**INSTRUCTIONS FOR THE TASK:** Look at the entries below and restate word for word the lines from the first through the one that has "COSTWAY Freestanding Kayak".

######

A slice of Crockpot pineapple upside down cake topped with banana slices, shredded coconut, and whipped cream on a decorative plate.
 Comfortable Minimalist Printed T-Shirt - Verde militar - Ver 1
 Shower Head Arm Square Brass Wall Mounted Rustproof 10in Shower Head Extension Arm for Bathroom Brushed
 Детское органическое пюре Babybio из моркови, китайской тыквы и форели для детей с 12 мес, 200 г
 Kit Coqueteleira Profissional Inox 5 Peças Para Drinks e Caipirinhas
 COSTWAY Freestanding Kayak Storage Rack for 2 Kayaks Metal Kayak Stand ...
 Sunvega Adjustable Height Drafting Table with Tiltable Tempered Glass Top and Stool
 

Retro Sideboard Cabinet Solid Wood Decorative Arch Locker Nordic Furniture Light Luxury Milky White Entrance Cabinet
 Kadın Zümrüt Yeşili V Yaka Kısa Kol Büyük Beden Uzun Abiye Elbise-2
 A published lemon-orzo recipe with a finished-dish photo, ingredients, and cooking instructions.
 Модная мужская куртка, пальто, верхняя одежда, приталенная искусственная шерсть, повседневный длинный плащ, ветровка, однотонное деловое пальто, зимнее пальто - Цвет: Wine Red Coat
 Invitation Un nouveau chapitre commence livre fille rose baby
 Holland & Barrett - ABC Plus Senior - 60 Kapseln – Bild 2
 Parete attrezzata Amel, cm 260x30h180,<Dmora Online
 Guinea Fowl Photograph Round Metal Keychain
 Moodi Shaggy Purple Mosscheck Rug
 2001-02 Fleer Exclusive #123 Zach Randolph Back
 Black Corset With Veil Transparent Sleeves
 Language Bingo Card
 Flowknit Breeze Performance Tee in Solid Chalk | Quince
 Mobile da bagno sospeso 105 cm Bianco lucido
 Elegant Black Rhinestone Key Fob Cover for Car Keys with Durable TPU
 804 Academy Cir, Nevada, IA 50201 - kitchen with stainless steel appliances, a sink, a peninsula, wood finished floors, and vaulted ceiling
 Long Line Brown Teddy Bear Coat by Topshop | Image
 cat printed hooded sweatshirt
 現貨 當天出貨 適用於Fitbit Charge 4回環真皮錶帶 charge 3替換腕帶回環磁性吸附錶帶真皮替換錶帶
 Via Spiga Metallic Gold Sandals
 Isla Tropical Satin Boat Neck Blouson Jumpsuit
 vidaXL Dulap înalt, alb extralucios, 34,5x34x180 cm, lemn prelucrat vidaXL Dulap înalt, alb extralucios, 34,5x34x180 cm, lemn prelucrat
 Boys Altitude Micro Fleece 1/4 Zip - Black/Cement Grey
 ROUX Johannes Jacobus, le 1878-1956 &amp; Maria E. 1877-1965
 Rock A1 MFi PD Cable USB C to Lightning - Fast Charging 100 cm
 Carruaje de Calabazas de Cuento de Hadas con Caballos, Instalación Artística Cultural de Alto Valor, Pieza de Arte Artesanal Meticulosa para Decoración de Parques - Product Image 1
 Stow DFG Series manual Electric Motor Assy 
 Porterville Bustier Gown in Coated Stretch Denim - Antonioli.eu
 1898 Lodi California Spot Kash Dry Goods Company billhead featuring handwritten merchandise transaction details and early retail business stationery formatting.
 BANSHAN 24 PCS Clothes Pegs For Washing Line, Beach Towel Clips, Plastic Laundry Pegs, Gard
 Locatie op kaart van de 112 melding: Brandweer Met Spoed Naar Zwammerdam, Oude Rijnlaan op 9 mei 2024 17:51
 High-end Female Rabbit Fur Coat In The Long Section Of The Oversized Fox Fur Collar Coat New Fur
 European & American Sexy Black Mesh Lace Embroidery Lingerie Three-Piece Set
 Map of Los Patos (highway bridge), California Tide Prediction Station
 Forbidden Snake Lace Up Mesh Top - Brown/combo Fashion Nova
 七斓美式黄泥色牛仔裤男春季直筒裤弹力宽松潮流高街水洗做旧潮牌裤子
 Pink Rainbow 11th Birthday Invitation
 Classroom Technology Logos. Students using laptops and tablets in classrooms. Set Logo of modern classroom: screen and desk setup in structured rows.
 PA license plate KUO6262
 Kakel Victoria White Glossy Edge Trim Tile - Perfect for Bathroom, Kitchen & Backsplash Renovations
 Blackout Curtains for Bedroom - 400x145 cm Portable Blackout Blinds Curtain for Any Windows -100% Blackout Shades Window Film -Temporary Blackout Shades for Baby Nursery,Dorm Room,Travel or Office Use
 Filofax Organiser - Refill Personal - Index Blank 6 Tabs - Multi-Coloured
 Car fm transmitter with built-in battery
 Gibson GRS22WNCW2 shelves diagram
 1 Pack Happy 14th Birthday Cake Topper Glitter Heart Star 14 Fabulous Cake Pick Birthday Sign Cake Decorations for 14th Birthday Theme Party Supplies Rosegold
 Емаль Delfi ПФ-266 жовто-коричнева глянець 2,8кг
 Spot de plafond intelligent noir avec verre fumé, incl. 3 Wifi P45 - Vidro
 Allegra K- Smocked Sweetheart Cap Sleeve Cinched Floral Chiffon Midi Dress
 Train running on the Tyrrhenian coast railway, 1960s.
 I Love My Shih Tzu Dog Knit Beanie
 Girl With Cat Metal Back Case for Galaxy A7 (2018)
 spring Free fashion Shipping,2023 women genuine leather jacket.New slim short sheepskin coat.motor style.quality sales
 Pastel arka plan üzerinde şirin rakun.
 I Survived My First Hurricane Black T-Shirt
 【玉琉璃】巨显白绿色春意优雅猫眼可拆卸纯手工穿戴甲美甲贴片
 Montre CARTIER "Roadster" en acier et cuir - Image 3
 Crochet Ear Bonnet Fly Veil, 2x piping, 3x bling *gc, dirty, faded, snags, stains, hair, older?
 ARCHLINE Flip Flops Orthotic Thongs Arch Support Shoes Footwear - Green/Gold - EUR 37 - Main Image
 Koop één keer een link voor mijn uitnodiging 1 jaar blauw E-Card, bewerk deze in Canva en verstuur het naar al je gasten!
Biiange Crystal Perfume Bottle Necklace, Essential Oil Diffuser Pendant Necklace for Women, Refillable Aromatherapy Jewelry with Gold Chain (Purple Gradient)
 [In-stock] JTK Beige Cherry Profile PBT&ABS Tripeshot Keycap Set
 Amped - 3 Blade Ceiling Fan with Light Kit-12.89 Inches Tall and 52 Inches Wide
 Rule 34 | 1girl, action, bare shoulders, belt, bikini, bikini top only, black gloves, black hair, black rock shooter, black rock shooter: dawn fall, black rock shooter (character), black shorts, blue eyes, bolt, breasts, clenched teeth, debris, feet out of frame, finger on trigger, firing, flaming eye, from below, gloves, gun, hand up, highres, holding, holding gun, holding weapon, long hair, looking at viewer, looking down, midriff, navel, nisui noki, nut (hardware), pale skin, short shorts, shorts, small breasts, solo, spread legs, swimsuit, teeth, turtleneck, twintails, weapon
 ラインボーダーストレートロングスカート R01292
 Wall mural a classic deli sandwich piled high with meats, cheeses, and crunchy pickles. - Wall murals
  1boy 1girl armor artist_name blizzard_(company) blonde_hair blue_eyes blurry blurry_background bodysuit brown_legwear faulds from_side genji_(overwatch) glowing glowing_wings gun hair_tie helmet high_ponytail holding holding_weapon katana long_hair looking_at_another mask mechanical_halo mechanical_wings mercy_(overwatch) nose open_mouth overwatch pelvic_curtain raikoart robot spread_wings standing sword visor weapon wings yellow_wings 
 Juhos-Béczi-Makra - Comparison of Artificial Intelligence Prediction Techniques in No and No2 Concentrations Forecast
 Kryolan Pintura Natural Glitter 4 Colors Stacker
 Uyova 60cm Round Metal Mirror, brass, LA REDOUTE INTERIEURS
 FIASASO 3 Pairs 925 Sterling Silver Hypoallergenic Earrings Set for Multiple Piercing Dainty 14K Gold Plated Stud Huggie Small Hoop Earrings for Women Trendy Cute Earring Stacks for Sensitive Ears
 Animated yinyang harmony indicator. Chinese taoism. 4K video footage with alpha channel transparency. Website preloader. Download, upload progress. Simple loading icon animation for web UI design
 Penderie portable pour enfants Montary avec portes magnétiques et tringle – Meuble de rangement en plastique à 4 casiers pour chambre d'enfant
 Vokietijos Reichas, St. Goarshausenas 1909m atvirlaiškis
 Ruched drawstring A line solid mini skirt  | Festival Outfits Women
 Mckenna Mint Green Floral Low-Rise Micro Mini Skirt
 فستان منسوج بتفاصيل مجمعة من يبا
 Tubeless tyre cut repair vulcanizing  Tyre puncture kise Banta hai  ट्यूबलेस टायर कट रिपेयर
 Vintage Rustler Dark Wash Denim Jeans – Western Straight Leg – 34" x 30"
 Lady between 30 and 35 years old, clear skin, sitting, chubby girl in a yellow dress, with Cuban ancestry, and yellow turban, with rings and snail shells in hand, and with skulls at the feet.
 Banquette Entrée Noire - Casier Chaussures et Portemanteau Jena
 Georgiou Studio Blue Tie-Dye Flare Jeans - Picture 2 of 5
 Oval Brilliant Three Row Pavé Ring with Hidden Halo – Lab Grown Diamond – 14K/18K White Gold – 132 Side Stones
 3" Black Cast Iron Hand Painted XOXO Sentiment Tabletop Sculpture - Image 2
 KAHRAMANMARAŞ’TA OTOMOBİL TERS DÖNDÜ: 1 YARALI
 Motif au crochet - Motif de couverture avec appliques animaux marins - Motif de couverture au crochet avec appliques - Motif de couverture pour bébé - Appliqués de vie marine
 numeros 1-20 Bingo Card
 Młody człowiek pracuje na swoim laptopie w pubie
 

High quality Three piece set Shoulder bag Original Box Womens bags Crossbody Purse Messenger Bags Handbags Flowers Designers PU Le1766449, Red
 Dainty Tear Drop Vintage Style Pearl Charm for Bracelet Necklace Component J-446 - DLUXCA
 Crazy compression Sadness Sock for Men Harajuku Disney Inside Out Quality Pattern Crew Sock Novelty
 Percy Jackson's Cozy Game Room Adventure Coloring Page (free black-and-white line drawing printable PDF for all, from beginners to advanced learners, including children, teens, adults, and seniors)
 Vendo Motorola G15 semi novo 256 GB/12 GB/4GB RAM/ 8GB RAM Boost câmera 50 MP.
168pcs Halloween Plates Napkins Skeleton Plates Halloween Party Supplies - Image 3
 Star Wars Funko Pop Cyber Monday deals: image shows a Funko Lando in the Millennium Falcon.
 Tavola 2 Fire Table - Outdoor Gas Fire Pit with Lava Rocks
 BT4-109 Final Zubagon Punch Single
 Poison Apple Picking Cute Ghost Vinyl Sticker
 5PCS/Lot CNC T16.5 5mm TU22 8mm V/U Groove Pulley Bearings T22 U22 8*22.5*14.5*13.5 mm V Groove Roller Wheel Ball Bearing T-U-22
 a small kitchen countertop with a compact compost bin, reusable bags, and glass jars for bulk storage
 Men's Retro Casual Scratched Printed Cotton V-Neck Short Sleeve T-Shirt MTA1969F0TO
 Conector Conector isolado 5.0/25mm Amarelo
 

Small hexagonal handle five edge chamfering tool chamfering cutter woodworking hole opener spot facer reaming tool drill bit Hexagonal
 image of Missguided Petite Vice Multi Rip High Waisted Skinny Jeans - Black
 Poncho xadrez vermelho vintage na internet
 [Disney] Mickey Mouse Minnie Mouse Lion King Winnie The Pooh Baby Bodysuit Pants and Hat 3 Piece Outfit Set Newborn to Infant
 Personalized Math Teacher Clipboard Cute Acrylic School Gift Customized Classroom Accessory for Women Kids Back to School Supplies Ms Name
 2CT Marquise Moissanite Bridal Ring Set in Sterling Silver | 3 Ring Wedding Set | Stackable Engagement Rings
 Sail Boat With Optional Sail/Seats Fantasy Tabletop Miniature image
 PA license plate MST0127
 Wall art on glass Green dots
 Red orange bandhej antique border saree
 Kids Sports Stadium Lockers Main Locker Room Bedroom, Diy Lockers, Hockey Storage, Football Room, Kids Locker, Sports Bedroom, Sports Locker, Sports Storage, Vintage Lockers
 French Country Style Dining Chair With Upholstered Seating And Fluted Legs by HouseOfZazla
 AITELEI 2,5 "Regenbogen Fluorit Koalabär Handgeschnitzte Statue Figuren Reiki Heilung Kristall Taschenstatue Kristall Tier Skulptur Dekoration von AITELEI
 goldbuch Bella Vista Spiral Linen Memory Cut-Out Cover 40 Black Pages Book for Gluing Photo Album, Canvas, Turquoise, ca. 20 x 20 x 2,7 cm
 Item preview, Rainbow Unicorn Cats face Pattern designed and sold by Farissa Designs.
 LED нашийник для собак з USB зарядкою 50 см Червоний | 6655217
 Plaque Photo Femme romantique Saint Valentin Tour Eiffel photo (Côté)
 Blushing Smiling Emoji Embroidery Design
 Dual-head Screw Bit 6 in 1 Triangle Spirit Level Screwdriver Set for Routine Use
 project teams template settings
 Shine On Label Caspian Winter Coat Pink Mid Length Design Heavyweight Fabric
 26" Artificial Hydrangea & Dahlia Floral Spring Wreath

######

**TASK ANSWER:**
A slice of Crockpot pineapple upside down cake topped with banana slices, shredded coconut, and whipped cream on a decorative plate.
 Comfortable Minimalist Printed T-Shirt - Verde militar - Ver 1
 Shower Head Arm Square Brass Wall Mounted Rustproof 10in Shower Head Extension Arm for Bathroom Brushed
 Детское органическое пюре Babybio из моркови, китайской тыквы и форели для детей с 12 мес, 200 г
 Kit Coqueteleira Profissional Inox 5 Peças Para Drinks e Caipirinhas
 COSTWAY Freestanding Kayak Storage Rack for 2 Kayaks Metal Kayak Stand ...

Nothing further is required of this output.